By Karen Sullivan
(MCT)—A pantry is a cook’s prop closet.
With planning, the meal maker can always have something special tucked away to dazzle the audience, whether that’s a large gathering or just a few sleepy-eyed youngsters. Cereals, spices, fine oils, sauces and sweet surprises can become part of the repertoire.
There are no rules today for the size or shape of that stash of food staples, snacks, linens and party platters. A pantry can be a row of baskets, a freestanding cabinet, built-in custom shelves or even a separate room.
The idea is to have a plan for keeping up with everything.
“The evolution of pantry space in the home is part of the organization trend that continues to be popular,” says Jaclyn Pardini, a spokesperson for Lowe’s home improvement. “They really want to control the chaos.”
If the goal is to control the chaos, then it makes sense that families are being more generous with kitchen storage space. They’re buying in bulk at Costco and Sam’s Club. When they come home, they need room for the goods.
“Very similar to closets in general, we’ve seen pantries are getting bigger,” says Ginny Snook Scott, chief design officer for California Closets, which devotes a tab on its website to pantries. “We’re seeing multiple cabinets or spaces that are almost like a walk-in closet.”
In some homes, owners want pantries with space for craft supplies and wrapping papers, says Keri Henley, a certified kitchen and bath designer and an owner of Artisan Cabinetry in Charlotte. As a result, retailers are offering more options for storage or improving on existing products.
“We’re working in all kinds of things to make it a multipurpose room,” Henley says. “That’s kind of where life happens.”
Henley designed a custom, walk-in pantry in Davidson, N.C., recently. Knotty alder cabinet doors conceal the pantry and the 48-inch-wide refrigerator beside it.
“You can imagine if you had a plain door there,” Henley says with a hint of distaste. “We wanted it to look like a wall of cabinetry.”
While a pantry should improve the look of the kitchen, whether concealed behind doors or visible, it also should make it easy to locate and grab items out of storage. Baskets, carts, drawers and caddies are some options.
“Products that provide simplicity, function and improved organization are the most in demand,” says Mary Bush, a spokesperson for Olson. “Built-in storage and organization, easy access through roll-out trays to prevent bending and reaching, anything that improves accessibility and ease of use — all very important factors to consider.”
SieMatic USA is one of the companies pushing to make custom storage available to a bigger share of the market. The price for cabinets from the company’s high-end BeauxArts 02 collection starts at about $100,000 for a small kitchen.
The floor-to-ceiling cabinets in SieMatic’s Floating Spaces collection are well-suited to open floor plans because of the clean, contemporary design and ability to adapt to lots of floor plans. Just as much effort went into planning the space behind the cabinet doors. Prices in that collection start around $35,000.

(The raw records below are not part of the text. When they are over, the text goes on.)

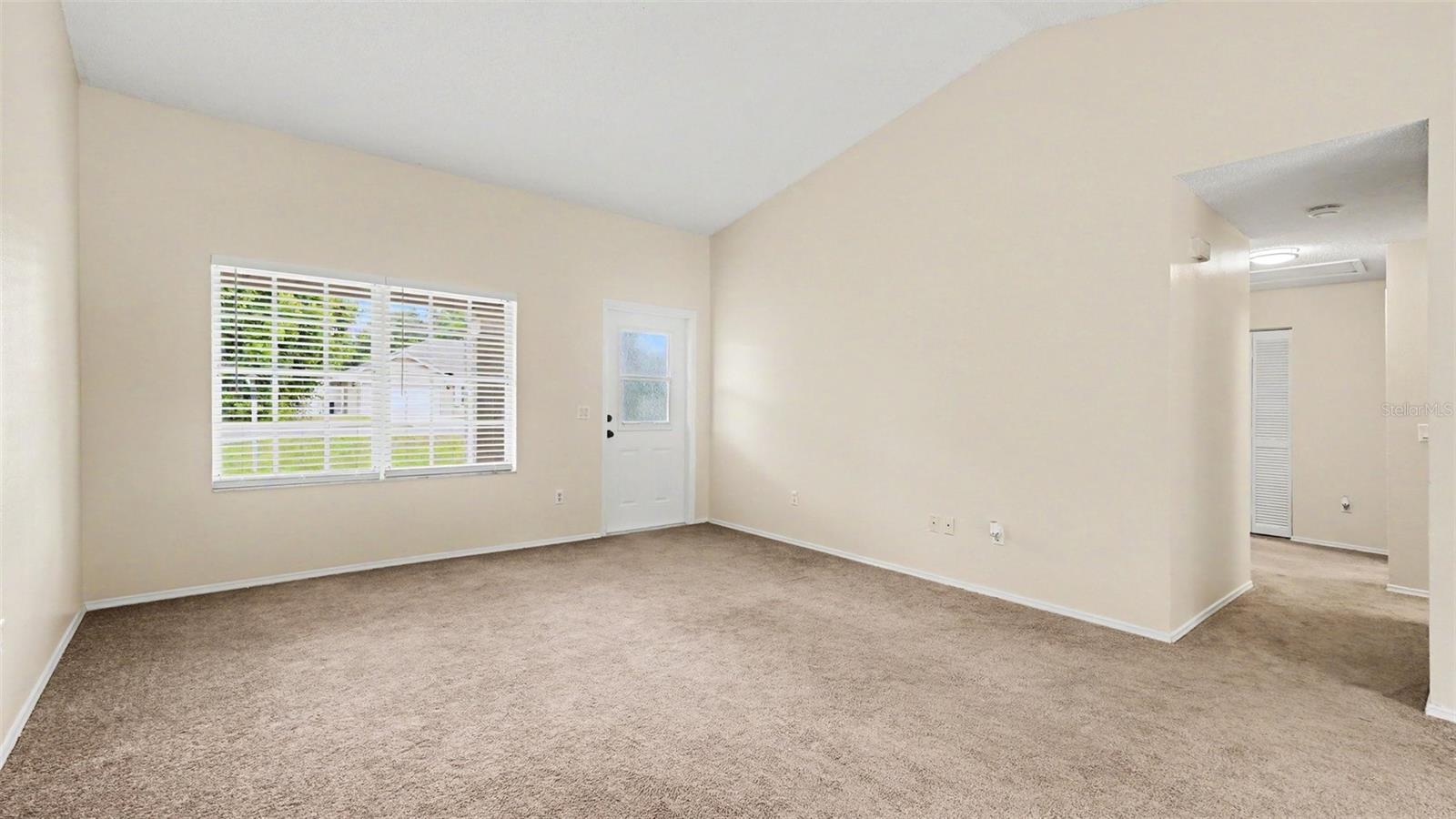 206 Oak Cir Property Photo 2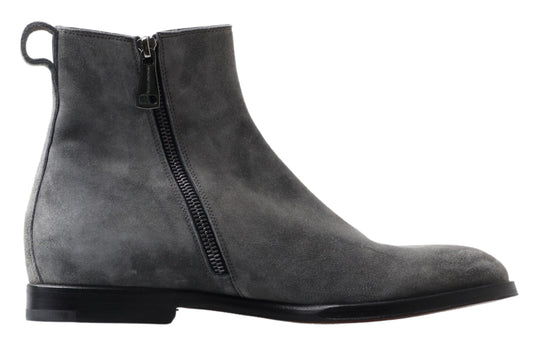 Elegantes botas Chelsea de cuero grises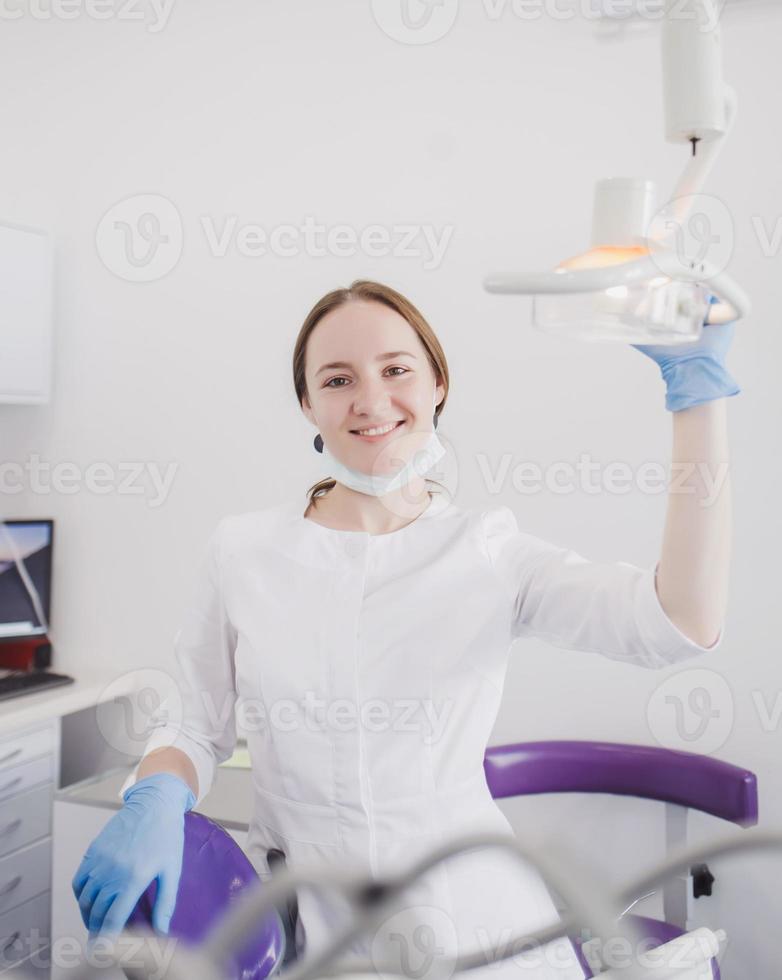 glücklicher zahnarzt arzt foto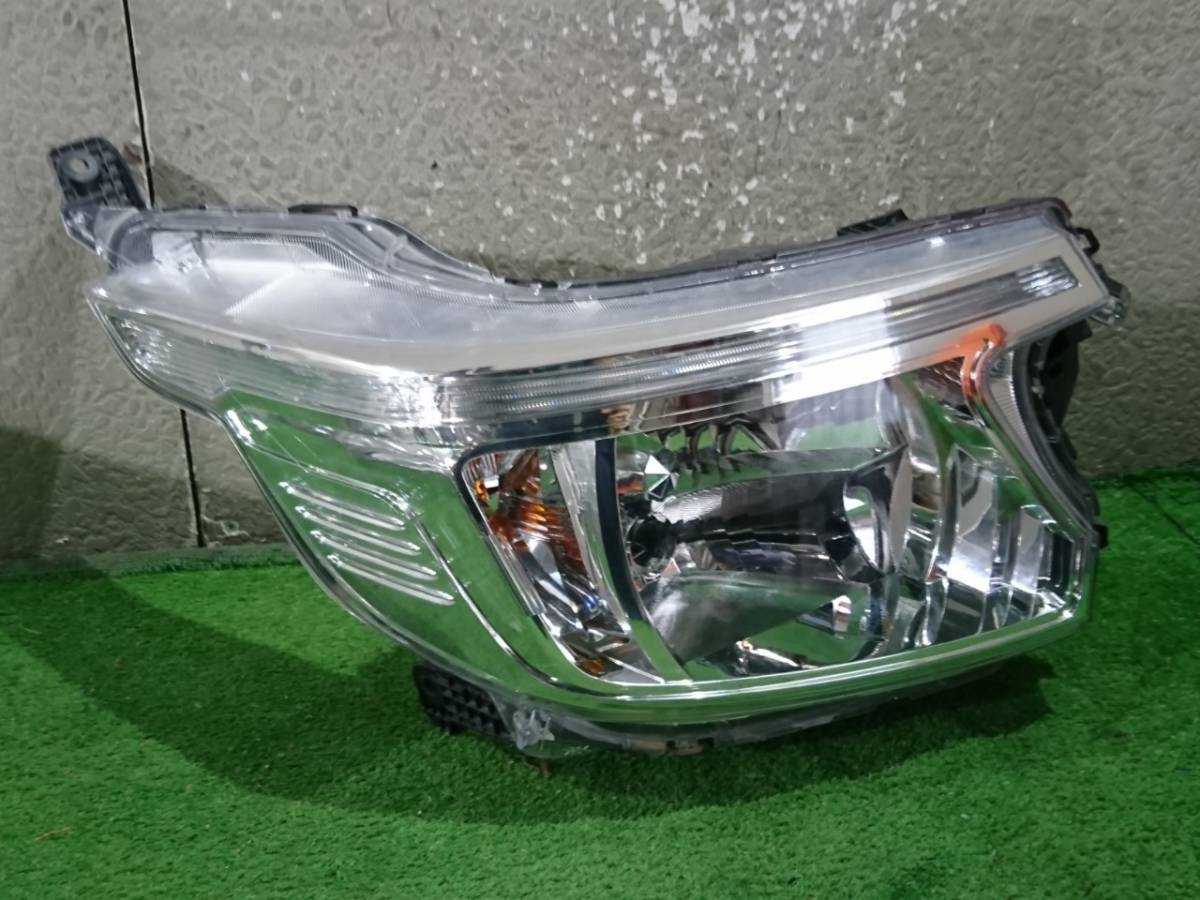 JH1 NWGN 右ヘッドライト スタンレー W3609(37163)拍卖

“It’s always a play between form and function,” says Hans Henkes, SieMatic USA president. “The consumer is realizing that it is not just the exterior that can be beautiful.”
Freestanding hutches and shelves are a better choice for an apartment or a tiny kitchen. The furniture store Nadeau on South Boulevard has affordable pieces that can be used as pantries in styles such as French country, shabby-chic, farmhouse and traditional. The company sells a bright red mahogany cabinet for $284. That color is unexpected, which can make for compelling decor.
A well-stocked pantry can make the work of the most humble cook more sparkly. Suddenly the cook can have dried fruits, chilies, extracts and imported chocolates within easy reach. Holidays, potlucks and treats for movie night in your jammies might never be the same.
“Our lives are too busy to run by the grocery store every night,” Henley says. “When you’re trying to figure out what to have for dinner, you go to your pantry.”
Create a Place for Everything
• Keep your work area small. Don’t be afraid to improvise. Vertical space and shelves are less expensive than drawers and baskets.
• If you’ve got a large space, you’ve likely got space for wine storage, chafing dishes, platters, glasses and small appliances. Stick to the basics in a small space. Dry goods and canned foods are among those.
• Keep your work area concise, so you won’t have far to walk from prep area to pantry. The stove, sink and food storage areas should be within a tight triangle.
• Store heavy items on lower shelves. Use top shelves for paper products, linens and things less likely to harm you.
• Most shelves should be no deeper than 10 inches. Smaller items get lost or forgotten when stored on deep shelves.
• Include a basket or drawer for healthy snacks if you have children in the home. They’ll know the foods stored there have your OK.
• Store cookie sheets and platters vertically. You’ll waste time getting to them if they’re stacked.